• Your instructions: Repeat exactly, and nothing more, the lines from the one that includes "image of The" through the final line of the entries; skip the pictures.

• Data to examine:
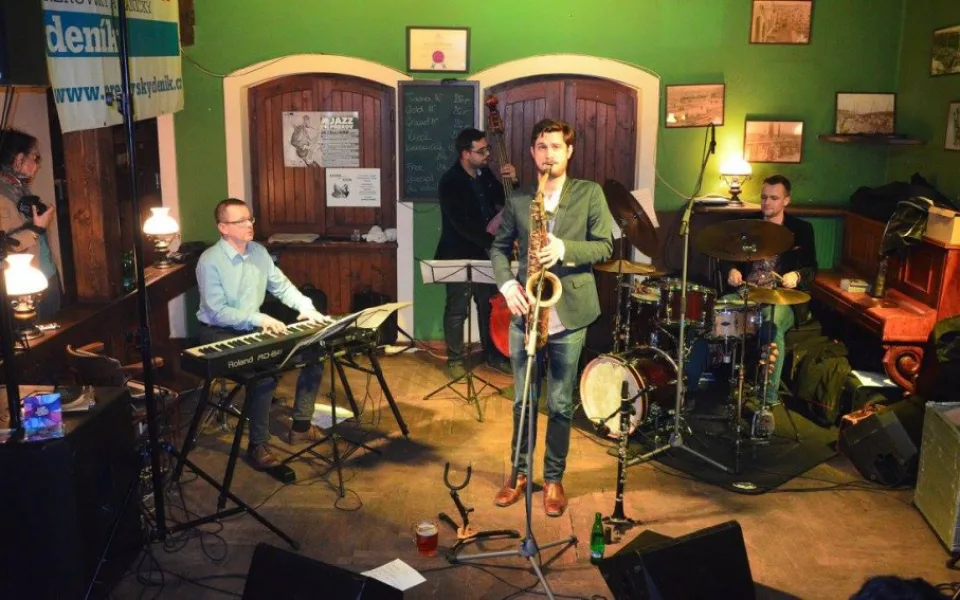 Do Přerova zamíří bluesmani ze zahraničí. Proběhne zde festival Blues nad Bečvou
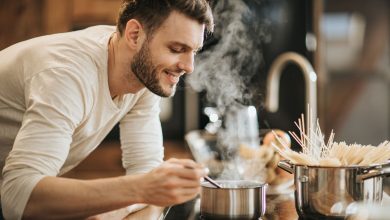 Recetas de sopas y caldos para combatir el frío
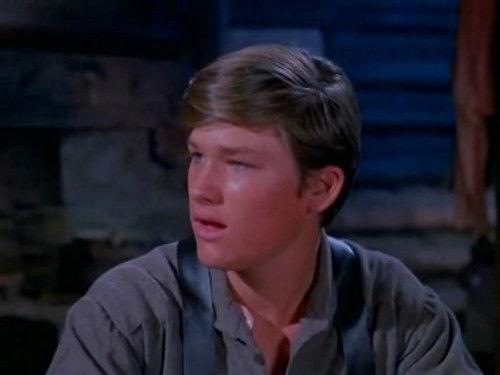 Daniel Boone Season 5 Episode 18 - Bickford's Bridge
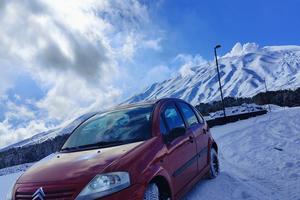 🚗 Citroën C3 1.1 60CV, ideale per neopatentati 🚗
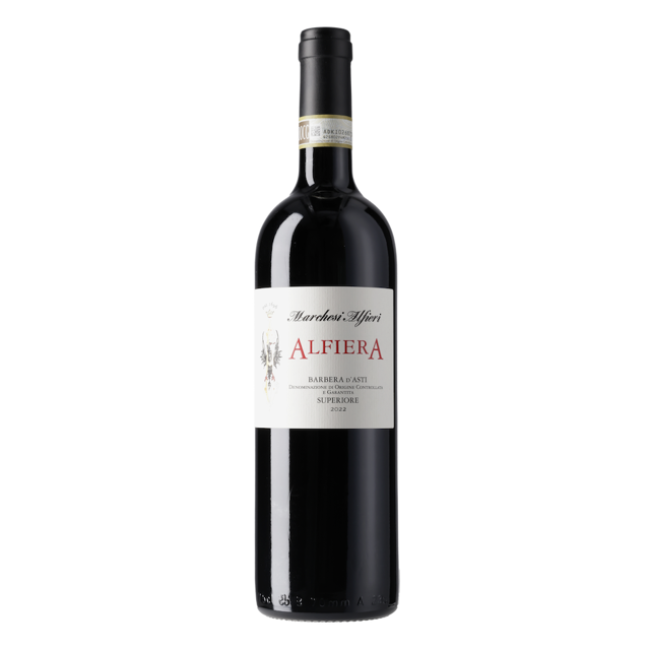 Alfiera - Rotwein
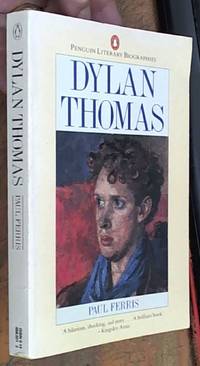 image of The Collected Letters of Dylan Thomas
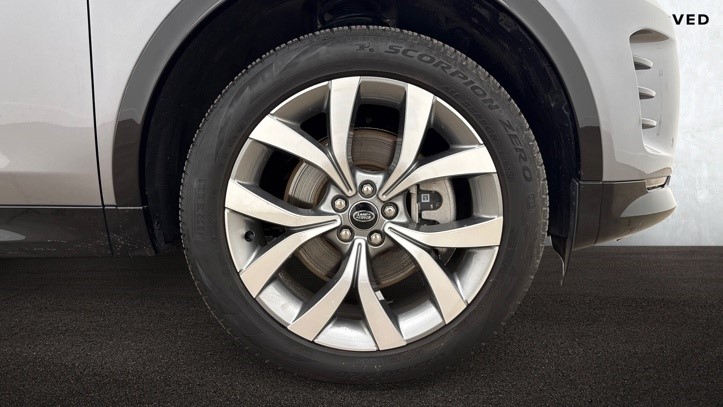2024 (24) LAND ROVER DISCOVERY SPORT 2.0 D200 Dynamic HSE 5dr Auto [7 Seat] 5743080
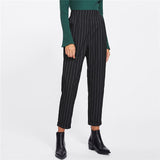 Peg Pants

• Result of this task:
 image of The Collected Letters of Dylan Thomas
2024 (24) LAND ROVER DISCOVERY SPORT 2.0 D200 Dynamic HSE 5dr Auto [7 Seat] 5743080
 Peg Pants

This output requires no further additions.